SUPPLIED MATERIAL →

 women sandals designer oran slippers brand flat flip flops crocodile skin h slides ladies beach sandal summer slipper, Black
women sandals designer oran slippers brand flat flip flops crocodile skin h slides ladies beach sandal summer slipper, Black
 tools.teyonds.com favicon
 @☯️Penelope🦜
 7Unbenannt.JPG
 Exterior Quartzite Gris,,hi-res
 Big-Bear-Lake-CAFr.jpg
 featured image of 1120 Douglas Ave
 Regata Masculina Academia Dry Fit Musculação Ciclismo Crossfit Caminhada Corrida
---
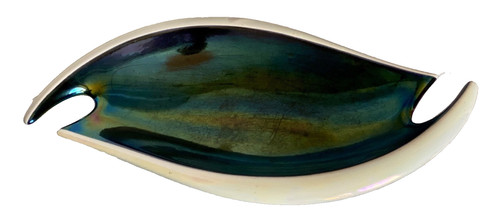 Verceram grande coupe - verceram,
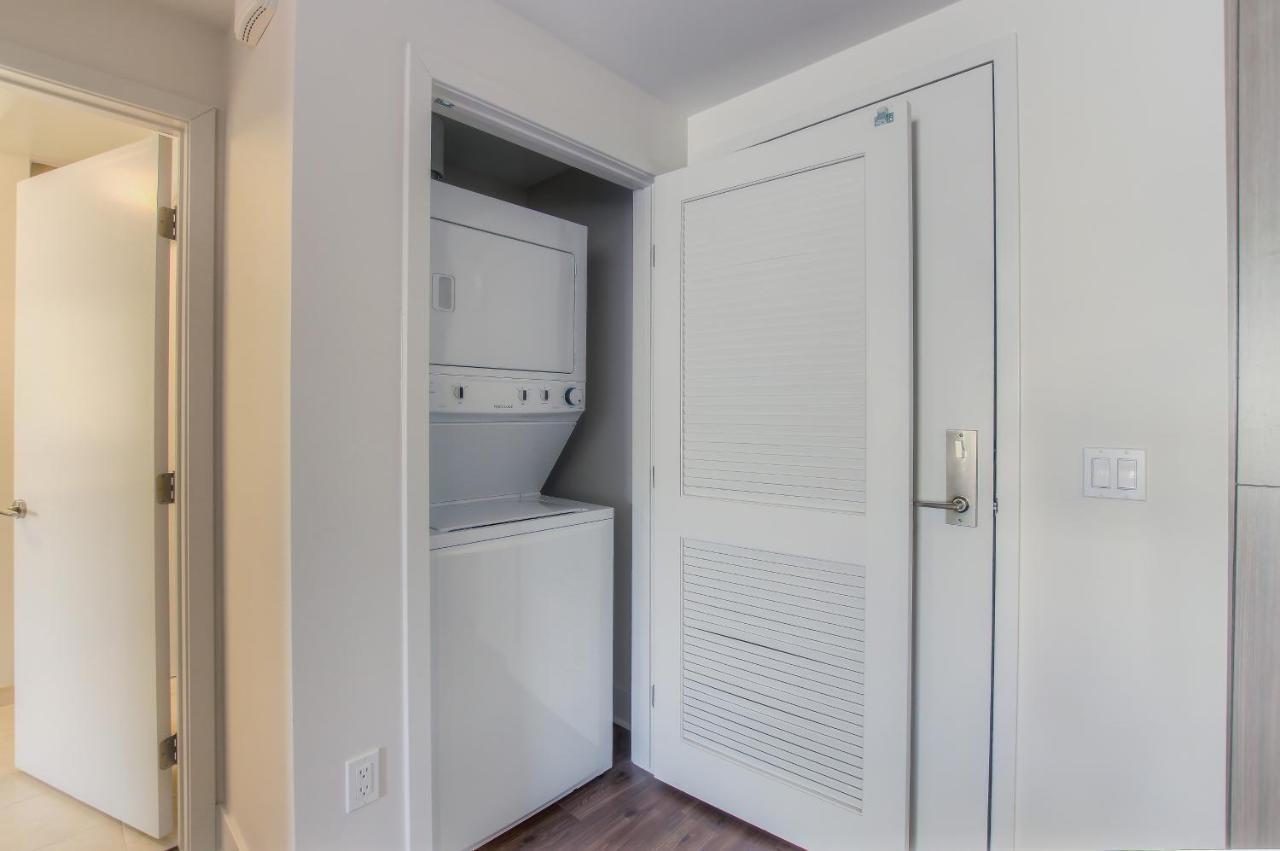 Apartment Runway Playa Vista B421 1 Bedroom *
...
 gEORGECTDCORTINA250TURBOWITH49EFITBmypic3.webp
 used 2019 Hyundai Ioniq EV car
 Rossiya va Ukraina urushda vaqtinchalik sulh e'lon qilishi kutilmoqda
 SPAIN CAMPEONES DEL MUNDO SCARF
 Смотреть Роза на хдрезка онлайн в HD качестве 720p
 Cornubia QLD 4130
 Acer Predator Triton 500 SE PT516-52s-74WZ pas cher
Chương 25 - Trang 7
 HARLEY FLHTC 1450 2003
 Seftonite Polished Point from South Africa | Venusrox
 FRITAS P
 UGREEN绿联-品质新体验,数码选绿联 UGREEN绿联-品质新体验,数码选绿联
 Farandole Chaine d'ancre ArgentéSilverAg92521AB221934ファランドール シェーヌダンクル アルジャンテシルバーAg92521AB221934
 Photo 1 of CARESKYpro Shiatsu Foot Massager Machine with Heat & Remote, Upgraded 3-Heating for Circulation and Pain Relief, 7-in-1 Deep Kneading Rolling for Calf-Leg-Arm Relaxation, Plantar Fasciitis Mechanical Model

YOUR TASK →
All that is wanted is an exact copy of the lines above from the one with "HARLEY FLHTC 1450 2003" through the one with "Photo 1 of CARESKYpro", with both ends included.

OUTPUT OF THE TASK →
 HARLEY FLHTC 1450 2003
 Seftonite Polished Point from South Africa | Venusrox
 FRITAS P
 UGREEN绿联-品质新体验,数码选绿联 UGREEN绿联-品质新体验,数码选绿联
 Farandole Chaine d'ancre ArgentéSilverAg92521AB221934ファランドール シェーヌダンクル アルジャンテシルバーAg92521AB221934
 Photo 1 of CARESKYpro Shiatsu Foot Massager Machine with Heat & Remote, Upgraded 3-Heating for Circulation and Pain Relief, 7-in-1 Deep Kneading Rolling for Calf-Leg-Arm Relaxation, Plantar Fasciitis Mechanical Model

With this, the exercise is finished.